|Sir Edmund Hakewill-Smith|
|Years of service||1915 – 1949|
|Battles/wars||First World War
Second World War
Hakewill-Smith was born in Kimberley, Northern Cape, South Africa, on 17 March 1896, he was educated at the Diocesan College ("Bishops") in Rondebosch, Cape Town, South Africa and at the RMC Sandhurst.
Hakewill-Smith was commissioned in to the Royal Scots Fusiliers in 1915 and served in France during the Great War. After serving with the British Military Mission to South Russia, he also acted as Aide-de-Camp to Lawrence Dundas, 2nd Marquess of Zetland (Governor of Bengal, India).
Hakewill-Smith initially served as officer-commanding the 5th Battalion, Devonshire Regiment, during the early days of the Second World War. Hakewill-Smith also served as the officer-commanding the 4/5th battalion Royal Scots Fusiliers. Promoted to temporary brigadier, he then commanded the 157th and 155th Infantry Brigades, before taking over command of the 52nd (Lowland) Infantry Division. Hakewill-Smith commanded the 52nd division during the campaign in North-West Europe. After the War he commanded the Lowland District in Scotland before serving as President of the Military Court for War Crimes Trial of Field Marshal Albert Kesselring.
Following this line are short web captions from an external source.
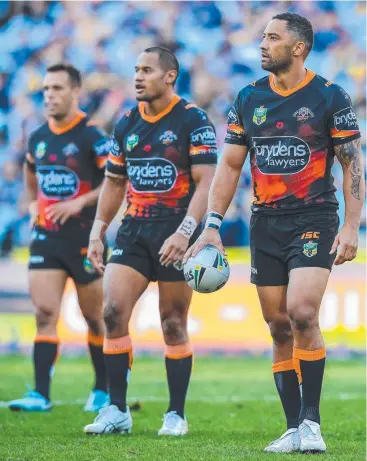  ??  ?? GET IT BACK: Benji Marshall (right) and his Tigers are looking to recapture their earlier form.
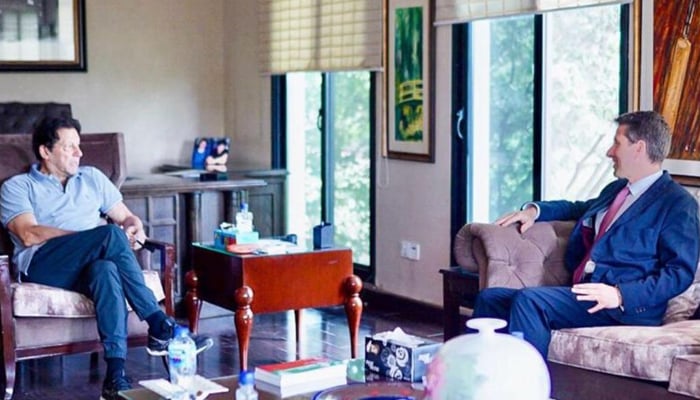 PTI Chairman Imran Khan (left) meets British High Commissioner to Pakistan Christian Turner at Bani Gala in Islamabad, on July 5, 2022. — PTI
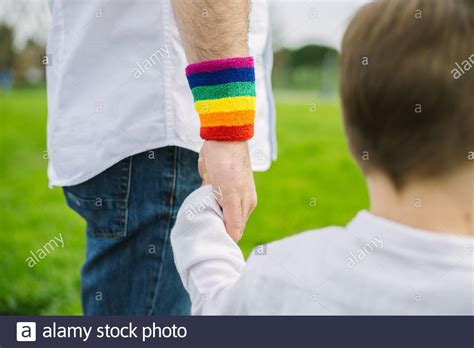 Gay Father And His Adopted Son Walking In The Park Lgtb And Stock Photo Alamy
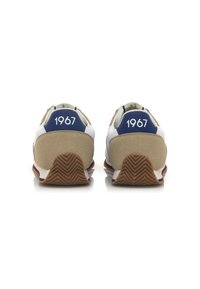 Scarpe sportive bianche e beige con un accento blu sul tallone che presenta il numero "1967" in bianco, suola in gomma testurizzata con motivo a zigzag.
He retired in 1949.
Hakewill-Smith was awarded the CB (1944) and CBE (1945), and also served as the Honorary Colonel of the Royal Scots Fusiliers (1946–1957). In addition, he served at Windsor Castle as a Military Knight of Windsor, later being appointed Lieutenant Governor of the castle (1964–1972) and was created a Knight Commander of the Royal Victorian Order (KCVO) in 1967. He died in 1986.